L’euro digitale si inserisce in un quadro ancora più globale in cui governi e autorità regolatorie stanno cercando di fare i conti con il fenomeno delle criptovalute, che invece di cambiare il denaro (magari col rischio di mandare in pensione forzata l’industria bancaria), ha reso ancora più volatile, complesso e pericoloso il mondo degli strumenti finanziari, allontanandolo ulteriormente da quello dell’economia reale.
Bitcoin and company, che proprio in questi mesi hanno raggiunto inattese vette di valore di mercato, sono ampiamente sottoutilizzati quando si tratta di acquistare beni e servizi legittimi. Non hanno fatto granché per ovviare ai costi e ai limiti dei conti correnti in banca, imponendo anzi un poderoso costo ambientale.
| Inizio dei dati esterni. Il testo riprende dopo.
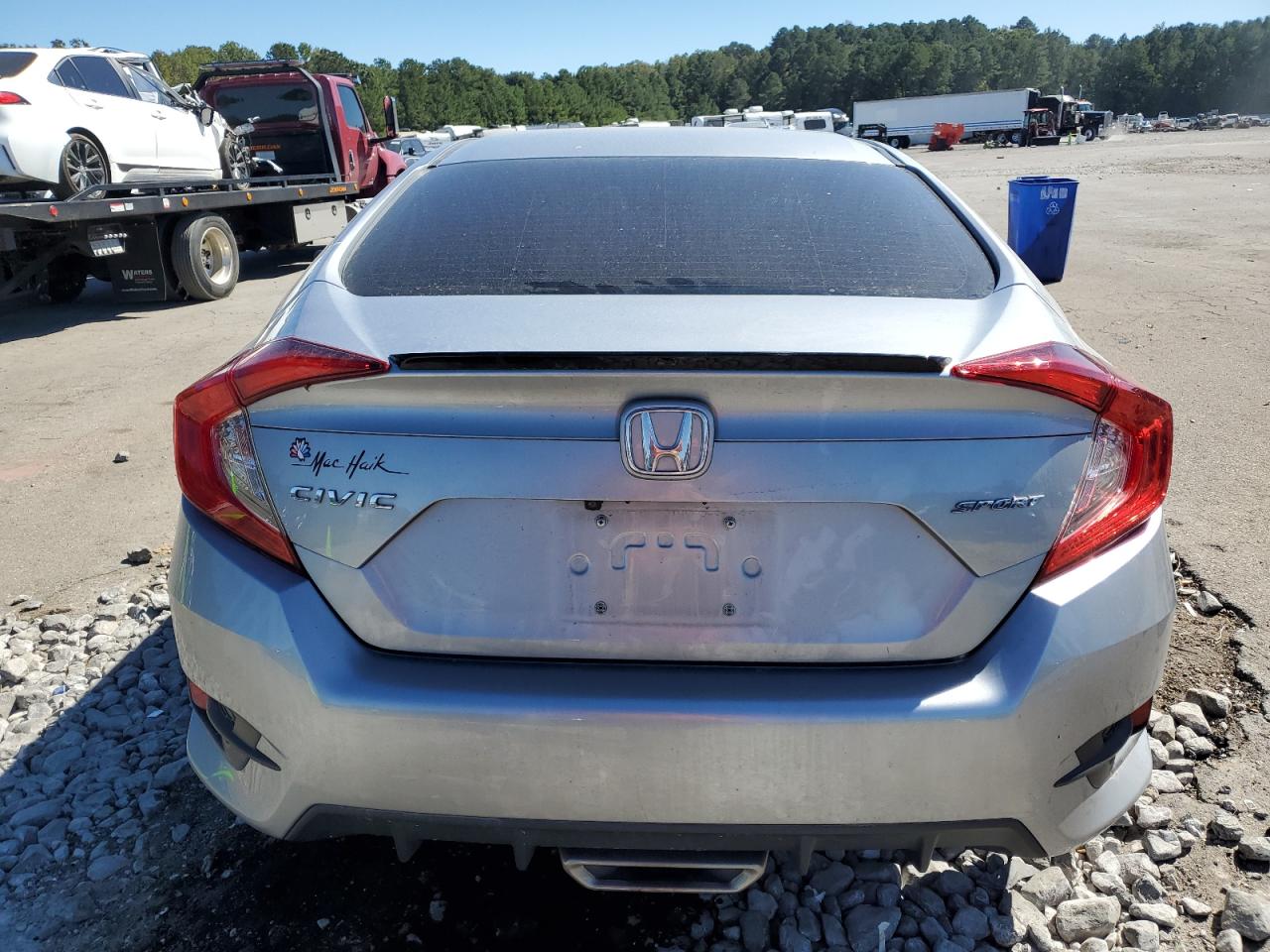 Lot #2974731018 2021 HONDA CIVIC SPOR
Mentre la tecnologia che sottende alle criptovalute, per quanto interessante e ricca di potenziale non riesce proprio a tradursi in un’offerta di applicazioni su larga scala.
Viceversa, un concreto coinvolgimento dei governi e delle banche centrali nelle CBDC, in vere e proprie valute digitali, potrebbe dare un contributo molto significativo a livello di pagamenti (e micropagamenti), restituendo al concetto di e-money l’autorevolezza e la stabilità perdute sull’ottovolante delle cripto.
Su quali leve dovranno agire le autorità europee intenzionate a digitalizzare l’euro? Un punto da salvaguardare è il ruolo di intermediazione delle banche che portano il denaro sul mercato degli individui e delle imprese. Occorre in pratica reinventare una relazione che sta cambiando ma non è ancora del tutto libera da problematiche legate al tradizionale concetto di moneta fisica.
Un altro aspetto fondamentale riguarda la privacy delle persone e delle imprese, che certo non sono disposte a rinunciare ai principi di anonimato e impossibilità di tracciamento che una valuta digitale potrebbe vanificare del tutto. E infine, c’è il problema di quella “libertà di invenzione” che bitcoin ci ha insegnato ad apprezzare in un comparto storicamente tra i più ingessati e controllati. In questo senso, bisogna evitare il rischio che l’euro digitale si trasformi in un freno ideologico e tecnologico, che in nome di una ritrovata solidità valutaria metta scienziati, sviluppatori e imprenditori in una sorta di asfittica libertà vigilata. Piuttosto, meglio tenersi tutti i rischi delle cripto.